# New computer.......44% off the price.



## sags (May 15, 2010)

Good price......

HP 23.8" All-in-One PC - White (AMD Ryzen 5 5500U/512GB SSD/8GB RAM/Windows 11) | Best Buy Canada


----------



## ian (Jun 18, 2016)

I believe that this is a good price. Typically no cd drive included.

I am biased toward Hp desktops.

You might want to compare feature to feature on the Dell website. They will more than likely have a competitive product/price point.

One good thing about buying from Best Buy is that you can easily return it to a store if you change your mind.

Forget the extended warranty. If you are going to have problems it will more than likely be in the first 90 days.


----------



## sags (May 15, 2010)

I have bought a lot of computers and televisions online from Dell over the years, but this price looked good and I have had good luck with HPs in the past.

I also already had an HP printer so the hook up was easy. I bought a similar computer from Dell for our son 2 years ago and paid $1400 for it, so this price is really good.

Quite a difference in speed and graphics with this new one.
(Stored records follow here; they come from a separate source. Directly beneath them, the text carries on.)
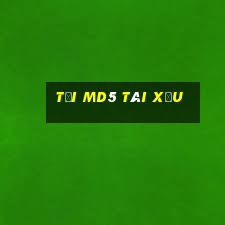 tại md5 tài xỉu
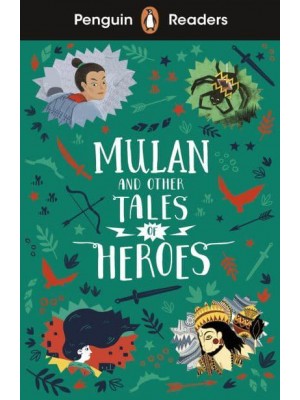 Mulan and Other Tales of Heroes - Penguin Readers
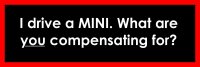 I drive a MINI. What are you compensating for?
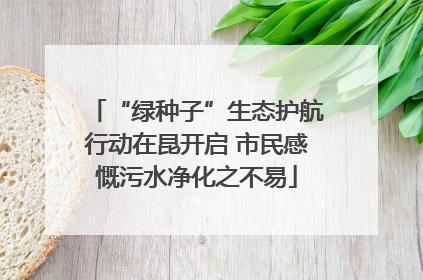 “绿种子”生态护航行动在昆开启 市民感慨污水净化之不易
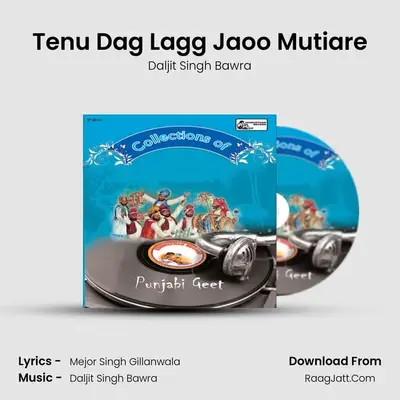Tenu Dag Lagg Jaoo Mutiare MP3 Song by Daljit Singh Bawra Cover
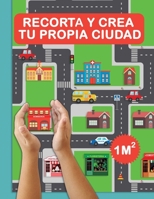 Recorta y crea tu propia ciudad: ¡Crea tu propia ciudad para jugar! Recorta y monta una ciudad de un metro cuadrado. Añade casas, tiendas, coches... Libro de recortar y pegar 9189848373 Book Cover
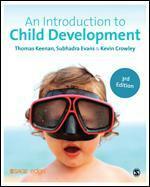 An Introduction to Child Development by Thomas Keenan, Kevin Crowley, Subhadra Evans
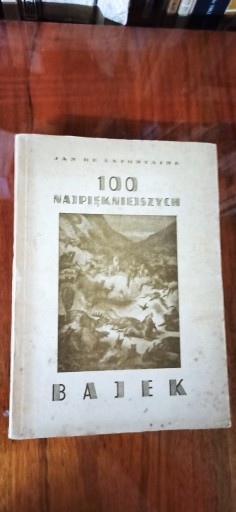 Zdjęcie oferty: 100 NAJPIĘKNIEJSZYCH BAJEK La Fontaine 1946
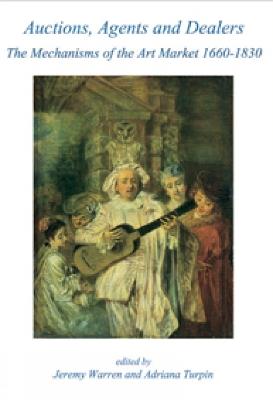 Auctions, Agents and Dealers. The Mechanisms of the Art Market 1660-1830: Fourteen papers presented at a symposium at the Wallace Collection, London, on 12-13 December 2003 - cover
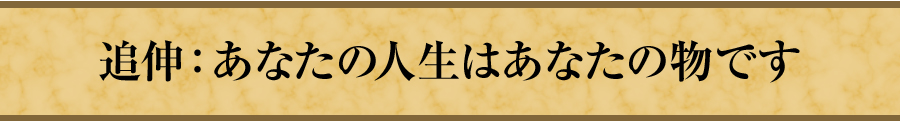 追伸：あなたの人生はあなたの物です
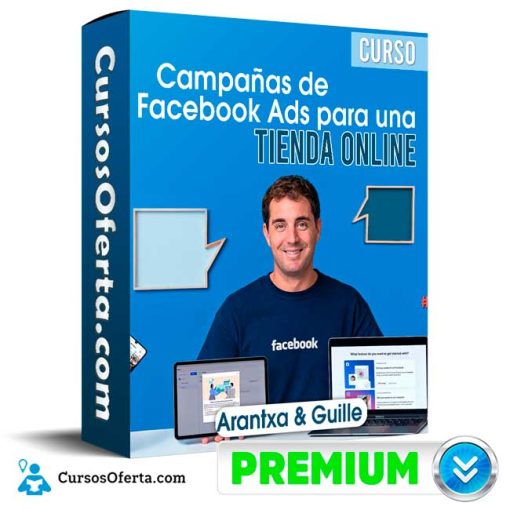 Curso Campañas de Facebook Ads para una tienda online – Arantxa & Guille 18 curso campanas de facebook ads para una tienda online arantxa guille 652ddeba76bf4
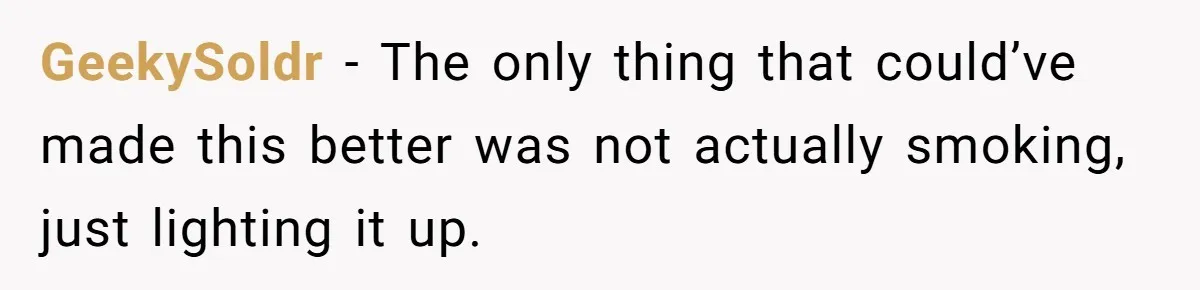 GeekySoldr − The only thing that could’ve made this better was not actually smoking, just lighting it up.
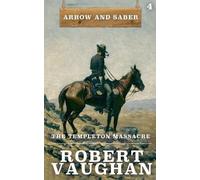 Robert Vaughan The Templeton Massacre (Tascabile) Arrow and Saber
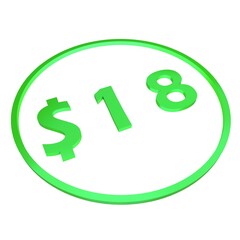 3D figure eighteen in a green circle with a dollar sign on a white background, isolate. Pricing, marketing, sale or price tag.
The only "meh" is the screen monitor isn't adjustable but if it needed to be raised a stand would work.


----------



## ian (Jun 18, 2016)

I would not hang about on this offer. This is a great price point for Christmas. The price is right for general use IMHO.

IF you are that concerned about price you can always buy one, leave it unopened in the box, and then compare it to other post Christmas offers.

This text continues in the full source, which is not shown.